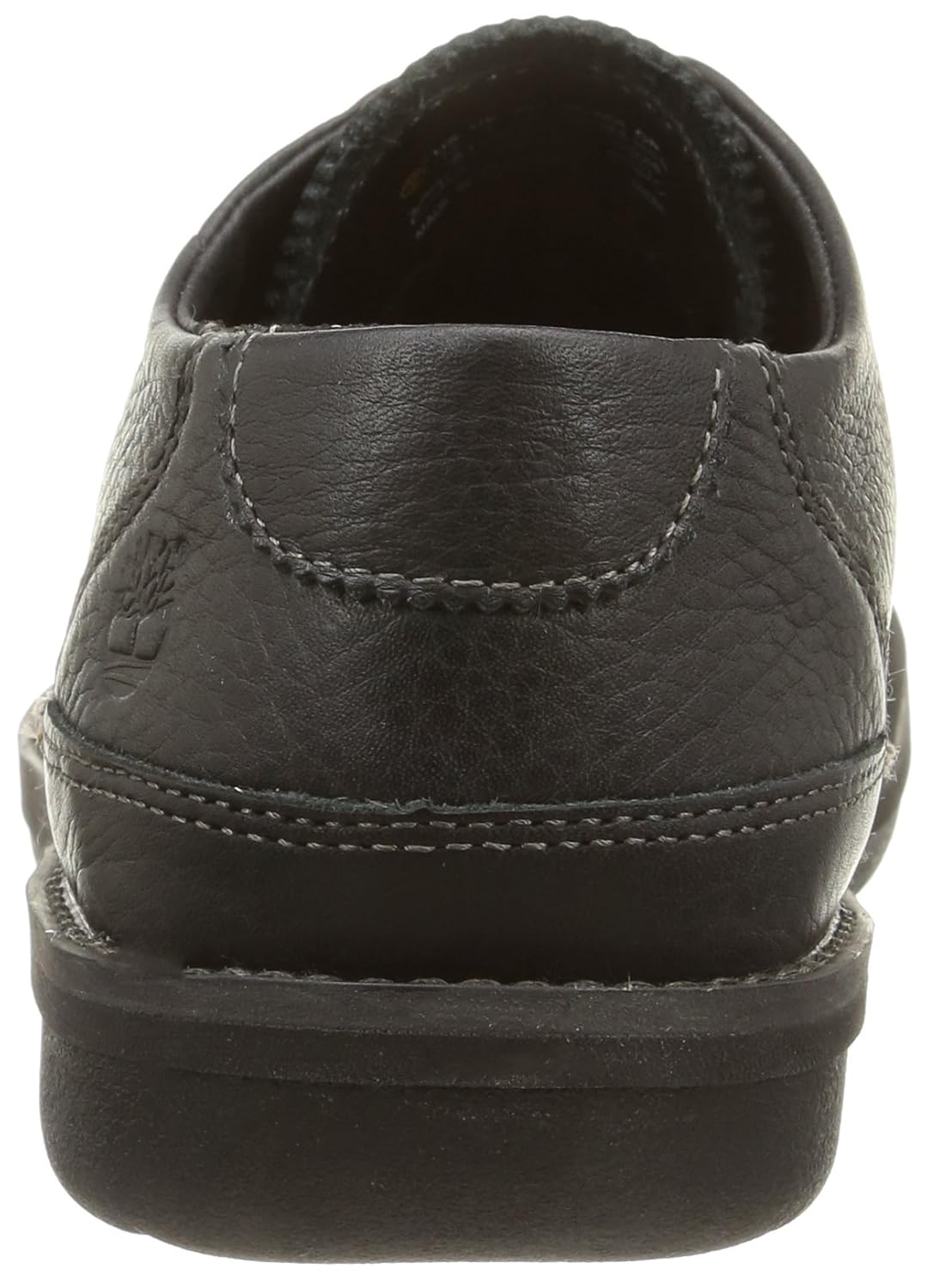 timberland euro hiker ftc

==

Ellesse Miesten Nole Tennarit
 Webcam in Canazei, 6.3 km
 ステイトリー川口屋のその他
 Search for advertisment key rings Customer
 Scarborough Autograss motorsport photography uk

* * *

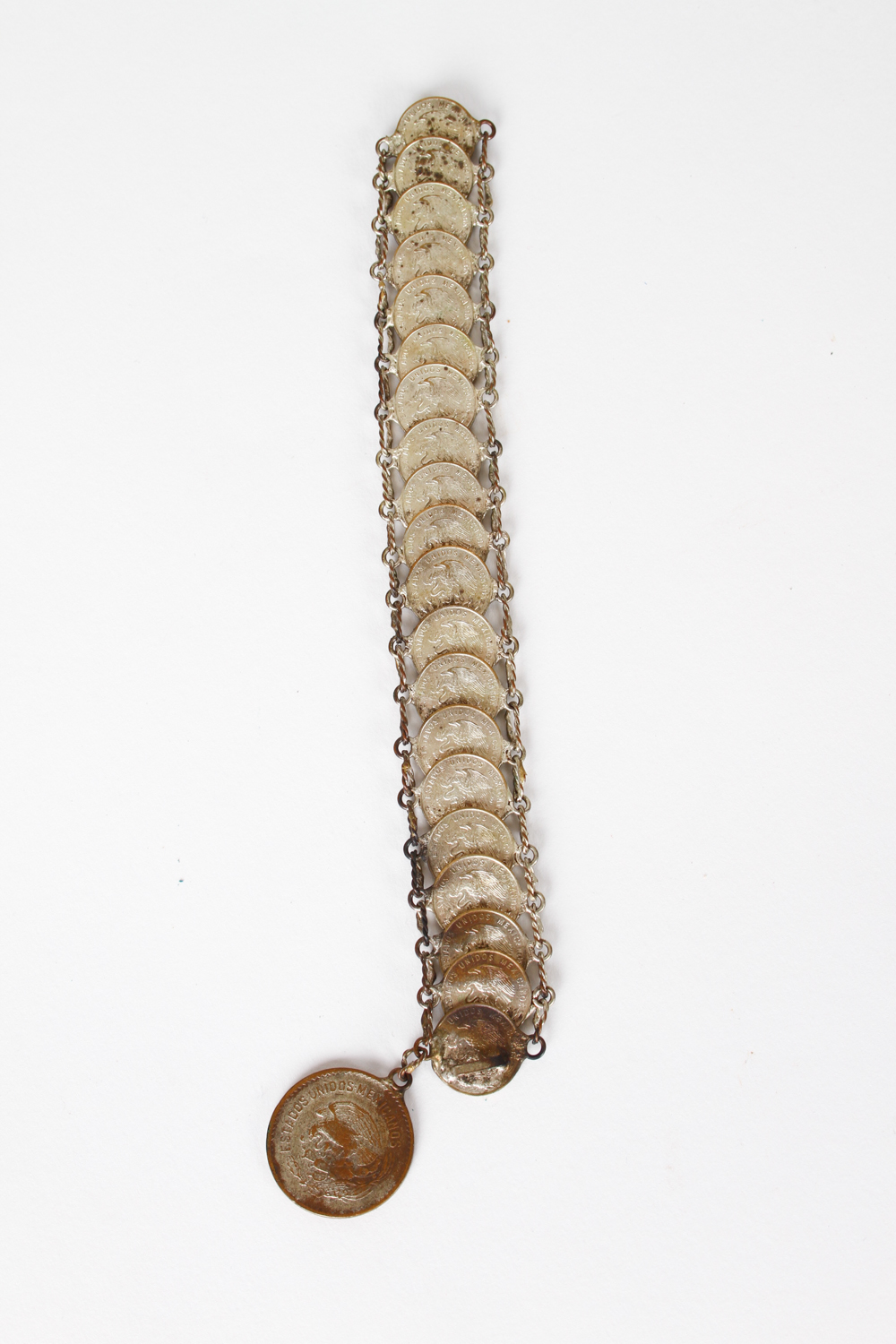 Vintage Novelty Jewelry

Task prompt →
One stretch of the lines above is wanted, from the line that contains "ステイトリー川口屋のその他" through the line that contains "Scarborough Autograss motorsport". Output it exactly.

Solution for this task →
 ステイトリー川口屋のその他
 Search for advertisment key rings Customer
 Scarborough Autograss motorsport photography uk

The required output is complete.